French people work 13 per cent fewer hours than the OECD average, and 14 per cent less than in the US, according to the Paris-based club of 36 rich nations.
This is despite the fact that France’s workforce has a higher-than-average share of full-time employees — some 82 per cent of French workers are full-time. By contrast, a high incidence of part-timers drags down Germany’s average annual working hours.
The full-time French working week is around three hours shorter than those in the UK and US on average, and the French also work shorter hours than Italians, Germans and Spaniards.
France’s generous paid holidays partly help to explain why its average working hours are lower than in the US. But the French do not enjoy notably more holidays than their EU peers, many of whom take a similar amount of leisure time.
And French workers make up for their short hours by their high productivity: they are more productive than the average across the EU, the eurozone and the G7 countries.
Each hour of work in France produces about 16 per cent more value than in the UK — the equivalent of almost a full additional day of work every week.
“The French economy has high productivity, ensuring standards of living in line with the OECD average,” according to a report published by the club earlier this month.
However, this narrative that French employees work shorter but more productive hours is beginning to falter.
“Productivity of the French economy has been much more dynamic than those of its peers, notably European [nations], for a long time,” said Daniela Ordonez, economist at Oxford Economics. “But this trend has slowed sharply lately, with French productivity stagnating over the past few years.”
Another factor to take into account is that a larger-than-average share of the French population is not in the workforce — largely those who are less productive and would earn the least.
In France only 71 per cent of the population was in employment last year, compared with 79 per cent of the UK and 80 per cent in Germany.
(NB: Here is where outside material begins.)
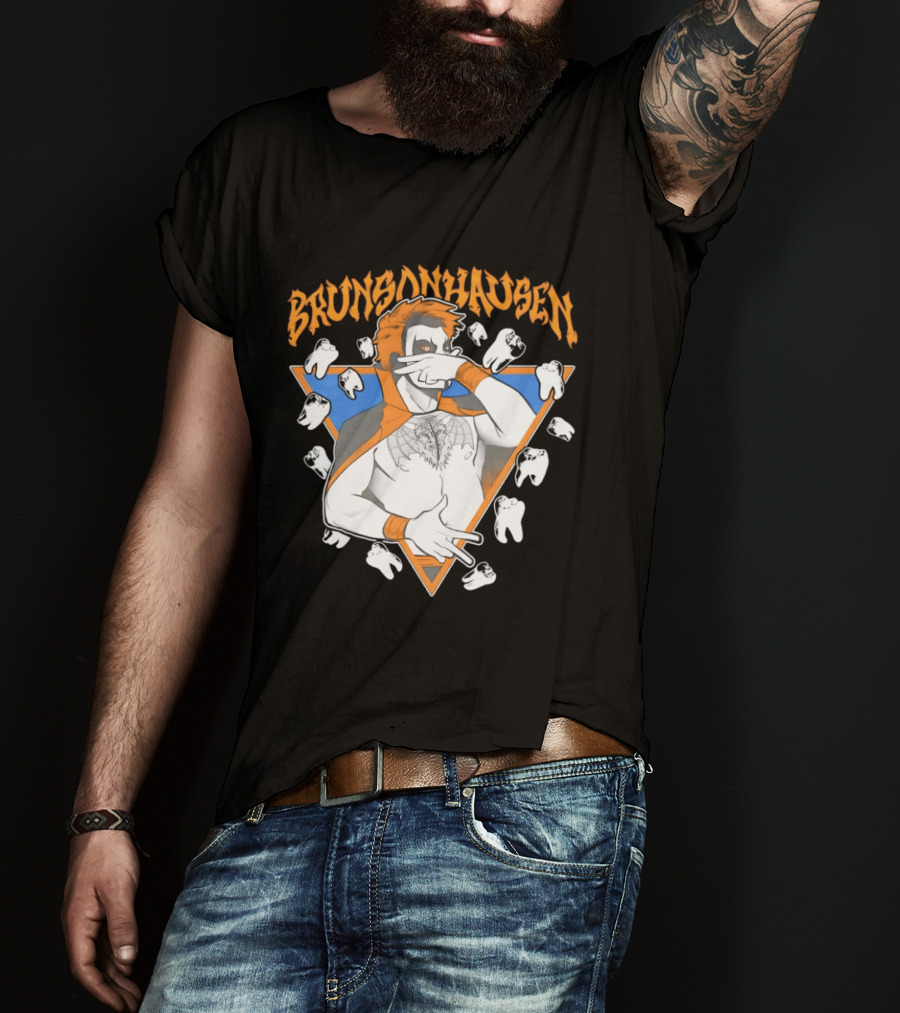Brunsonhausen WWE X Jalen Brunson New York Knicks NBA Basketball 2026 T-Shirt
The French jobseeker rate is more than double that of the UK or Germany.
Angel Gurría, OECD secretary-general, said earlier this month that “there is a real need to address the social challenges of long-term unemployment, difficulty in joining the labour market and weak social mobility” in France.
The problem is particularly concentrated among those with lower educational attainment. Only 52 per cent of French people aged 20 to 64 years old with a basic level of school education were in employment last year, compared with 65 per cent in the UK.
“Too many low-skilled and young people are excluded from the labour market, and unequal educational outcomes weaken intergenerational mobility,” the OECD said.
Foreigners are also disadvantaged. In France, only 61 per cent of the foreign-born population was in employment last year, 13 percentage points below the figure for those born in the country. This gap is four times higher than it is in the UK.
Mr Macron’s plan to increase the number of hours worked “can be a track to follow, especially as it might automatically help relieve, at least partially, the huge problem of the pension system financing”, said Mrs Ordonez. But “this will not resolve the key problems French society is facing today, such as high unemployment and inequalities”.